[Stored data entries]
=== Begin Enclosure ===

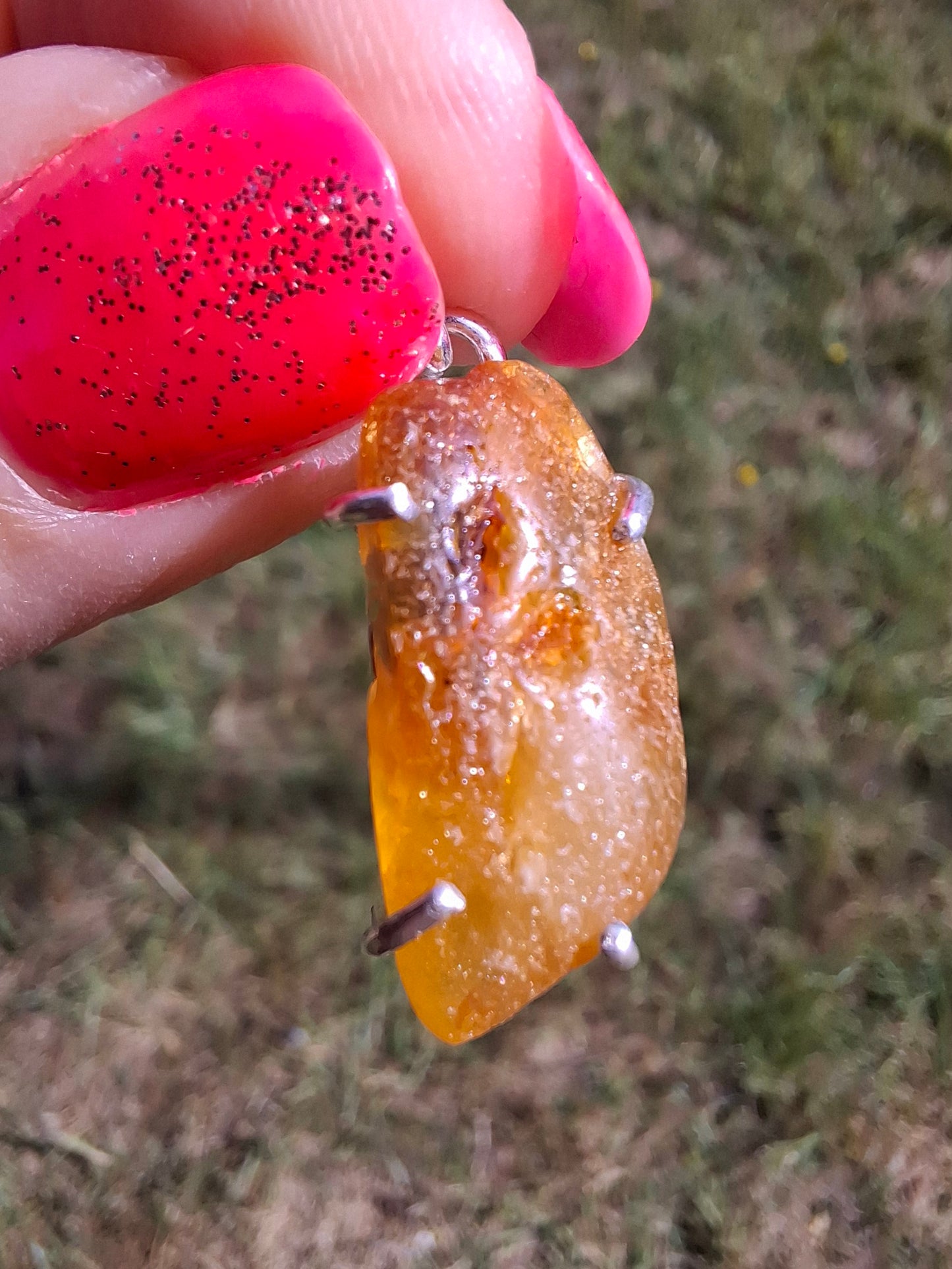 Baltic Amber Pendant, 925 Silver, Fossil (Ref: AP4)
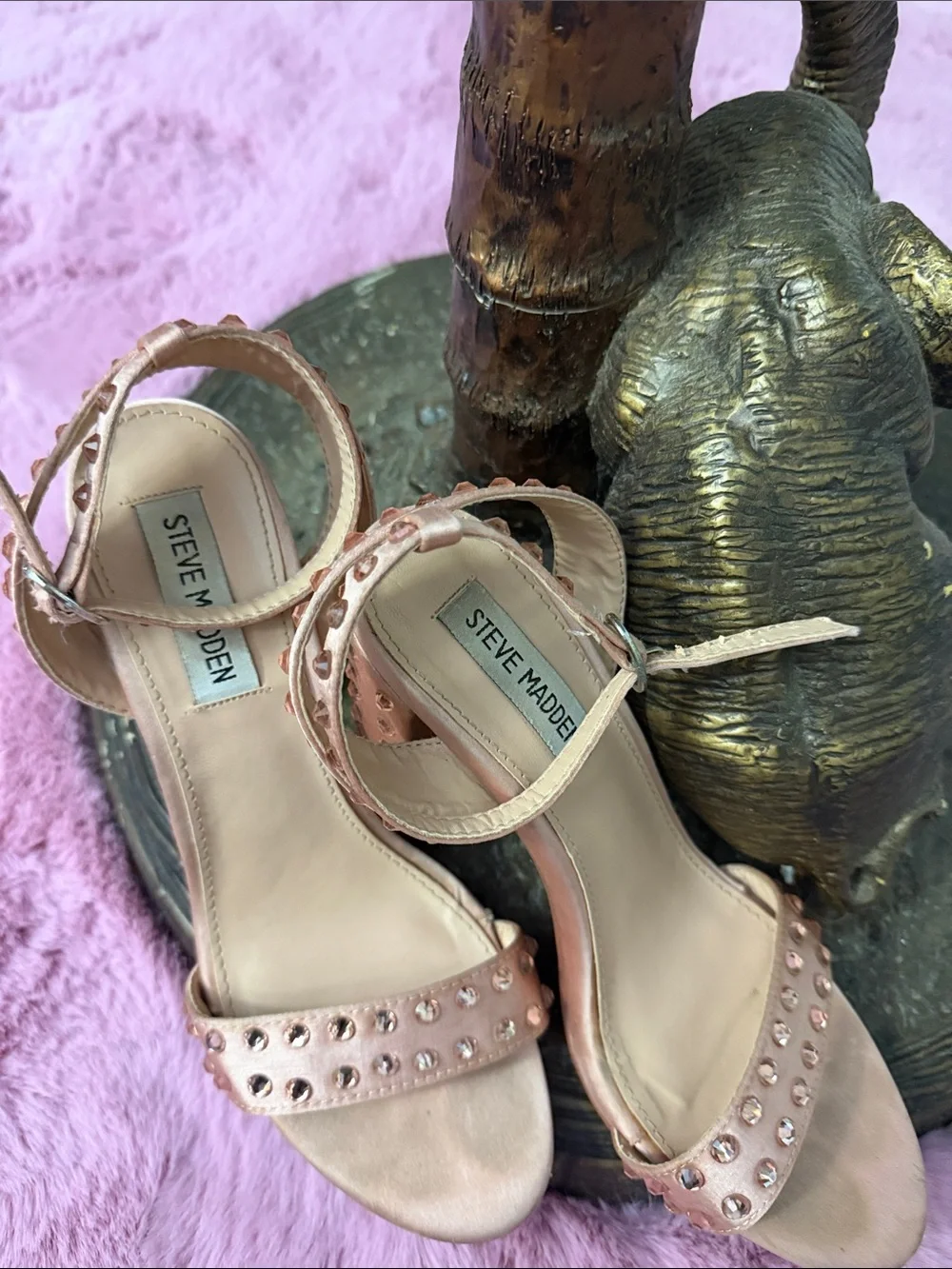 Women's Studded Ankle-Strap Sandals in Rose Gold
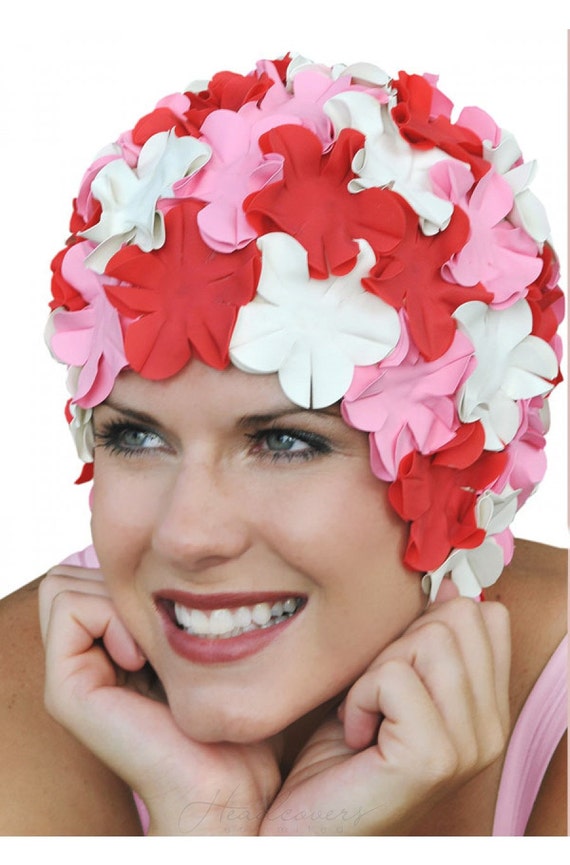 Vintage Style Flower Swim Cap Sweetheart by HeadcoversUnlimited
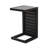 Modern Matte Black Side Table With Aluminum Support Outdoor In Black, Constructed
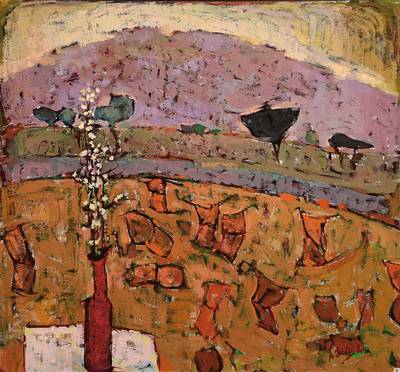Apostolos Dedes, geb. 1937, Griechischer Expressionist, hier: Abstrakte Komposition, Öl/Holz, rechts unten signiert, ca. 80x74 cm,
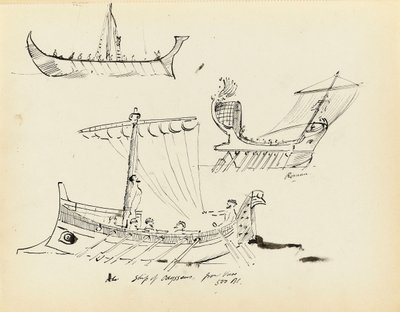 Schizzi di antiche navi tra cui una nave a vela e remi romana e la nave di Ulisse, 500 a.C. da John Everett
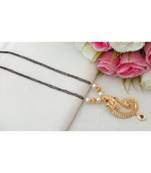 Cute Gold Tone Designer Mangal Sutra With Nail Pendant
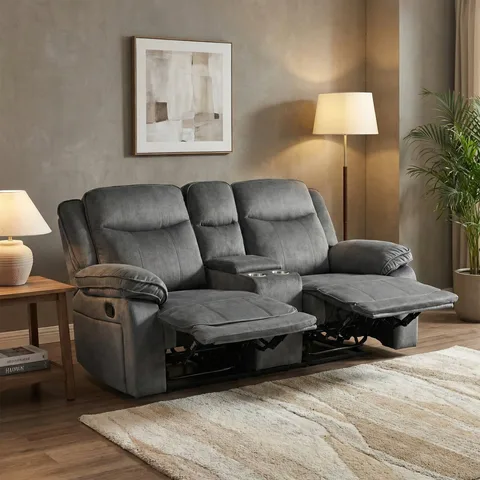 Clayton 2 Seater with Console Recliner Grey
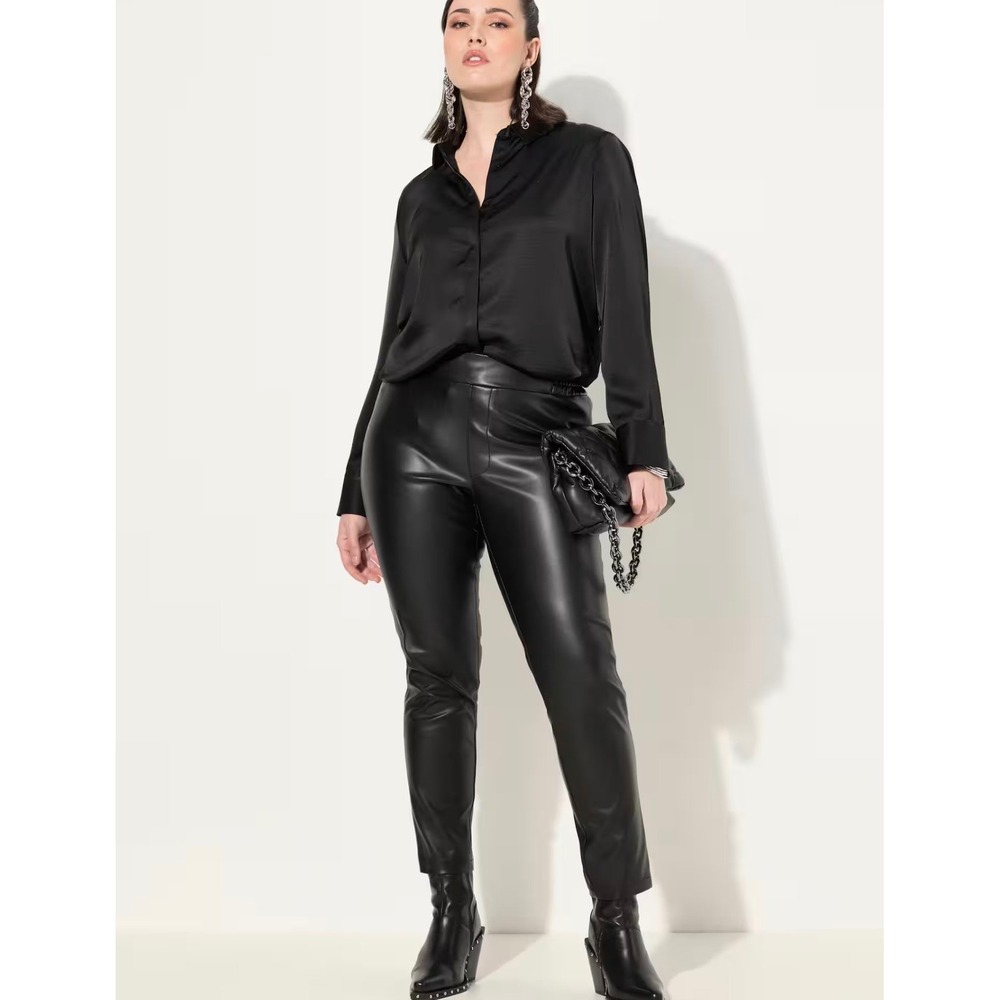 Ulla Popken Black Faux Leather Straight-Leg Pants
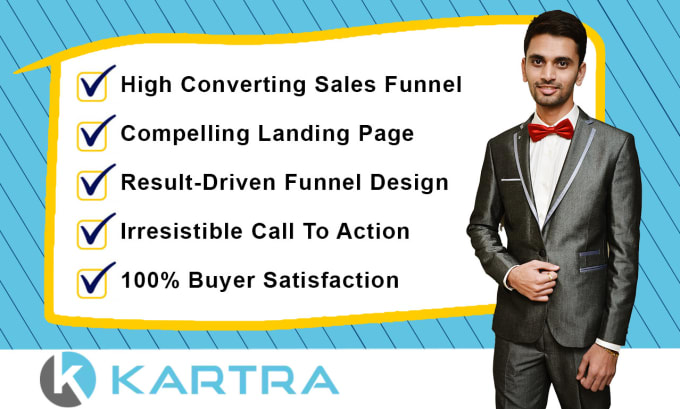 Gig Preview - Design kartra sales funnel landing page website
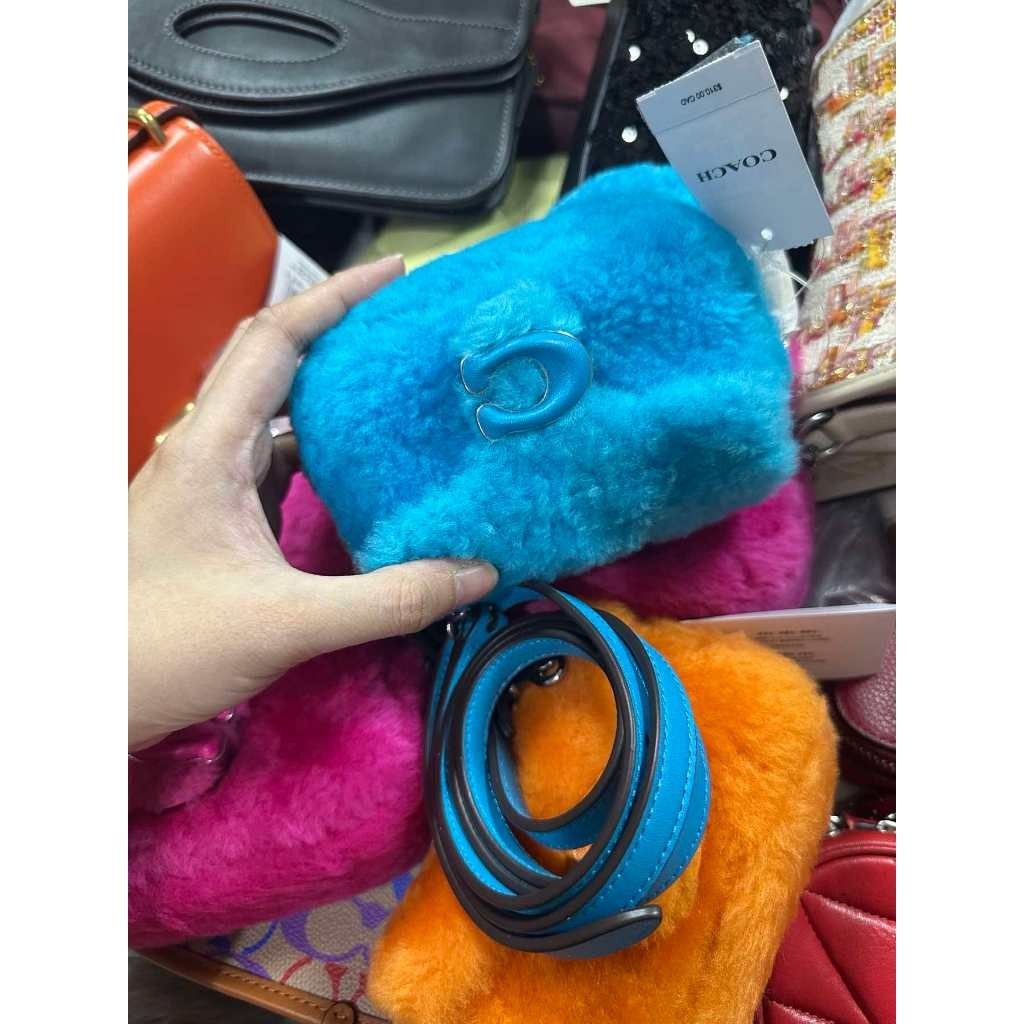 ORIG & IMPORTED CCH Blue Retail The Lil Nas Tabby 12 In Shearling Fur Mini Bag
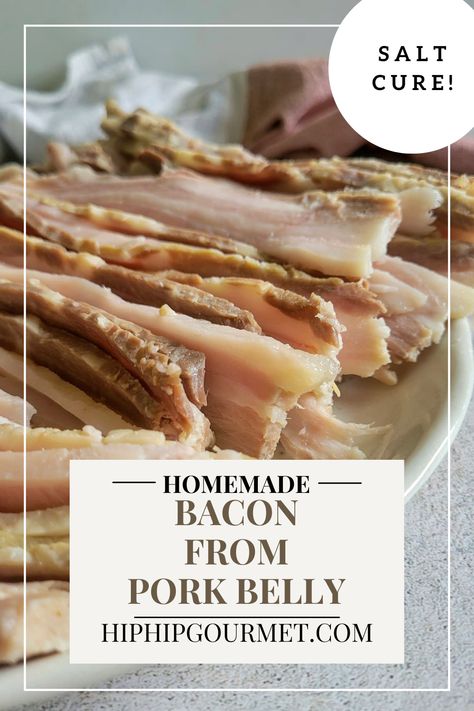 raw slices of bacon on a plate Salted Pork Belly Recipes, Homemade Bacon Recipes, Pork Belly Bacon Recipes, How To Make Bacon From Pork Belly, Homemade Bacon Recipes Pork Belly, Pork Belly Breakfast, Make Bacon From Pork Belly, How To Prepare Pork Belly, Curing Pork Belly For Bacon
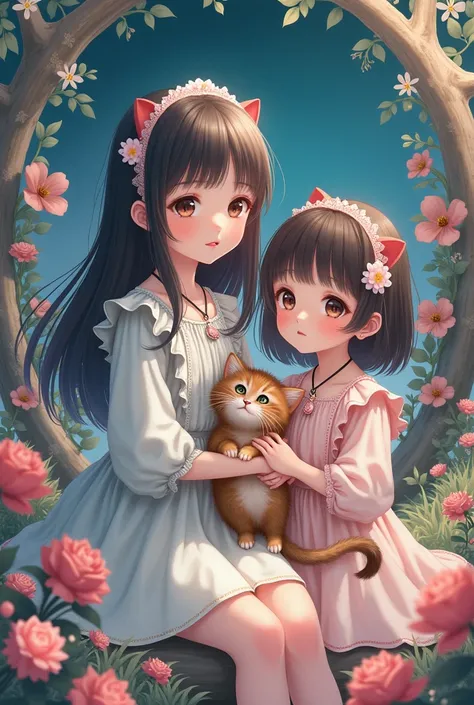 A highly detailed, hyper-realistic anime-style illustration of two young girls, one with a cat, in a surreal, dreamlike environment, with impeccable quality, exceptional detail, and vivid colors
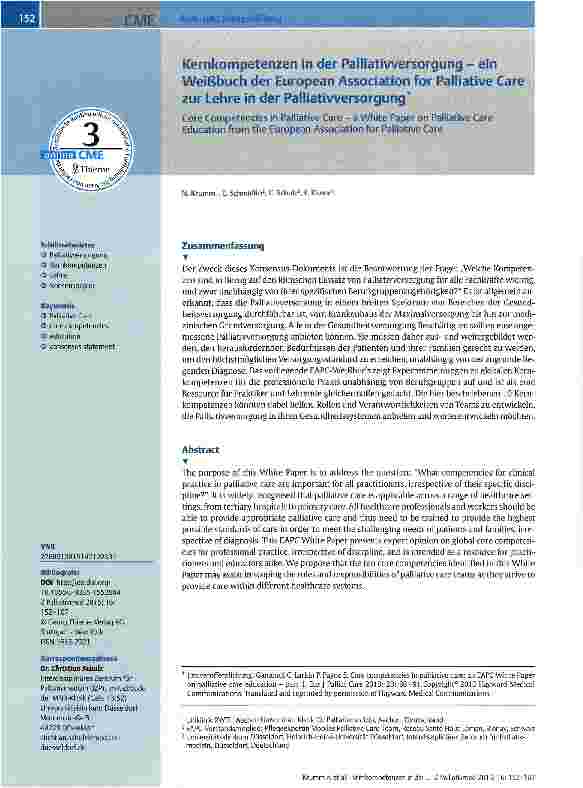 Vorschauseite 1: Kernkompetenzen in der Palliatiwersorgung - ein Weißbuch der European Association for Palliative Care zur Lehre in der Palliativversorgung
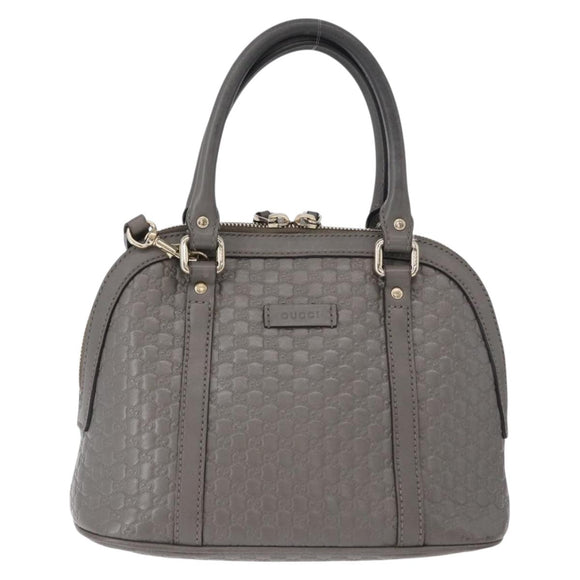 GUCCI Micro GG Canvas Guccissima Bag Leather 2way Gray Gold 449654 Auth mr2015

=== End Enclosure ===

WHAT YOU SHOULD DO: Please give the data again in full, exactly as written, but without any images.

RESULT OF THE EXERCISE:
 Baltic Amber Pendant, 925 Silver, Fossil (Ref: AP4)
 Women's Studded Ankle-Strap Sandals in Rose Gold
 Vintage Style Flower Swim Cap Sweetheart by HeadcoversUnlimited
 Modern Matte Black Side Table With Aluminum Support Outdoor In Black, Constructed
Apostolos Dedes, geb. 1937, Griechischer Expressionist, hier: Abstrakte Komposition, Öl/Holz, rechts unten signiert, ca. 80x74 cm,
 Schizzi di antiche navi tra cui una nave a vela e remi romana e la nave di Ulisse, 500 a.C. da John Everett
 Cute Gold Tone Designer Mangal Sutra With Nail Pendant
 Clayton 2 Seater with Console Recliner Grey
 Ulla Popken Black Faux Leather Straight-Leg Pants
 Gig Preview - Design kartra sales funnel landing page website
 ORIG & IMPORTED CCH Blue Retail The Lil Nas Tabby 12 In Shearling Fur Mini Bag
 raw slices of bacon on a plate Salted Pork Belly Recipes, Homemade Bacon Recipes, Pork Belly Bacon Recipes, How To Make Bacon From Pork Belly, Homemade Bacon Recipes Pork Belly, Pork Belly Breakfast, Make Bacon From Pork Belly, How To Prepare Pork Belly, Curing Pork Belly For Bacon
 A highly detailed, hyper-realistic anime-style illustration of two young girls, one with a cat, in a surreal, dreamlike environment, with impeccable quality, exceptional detail, and vivid colors
 Vorschauseite 1: Kernkompetenzen in der Palliatiwersorgung - ein Weißbuch der European Association for Palliative Care zur Lehre in der Palliativversorgung
 GUCCI Micro GG Canvas Guccissima Bag Leather 2way Gray Gold 449654 Auth mr2015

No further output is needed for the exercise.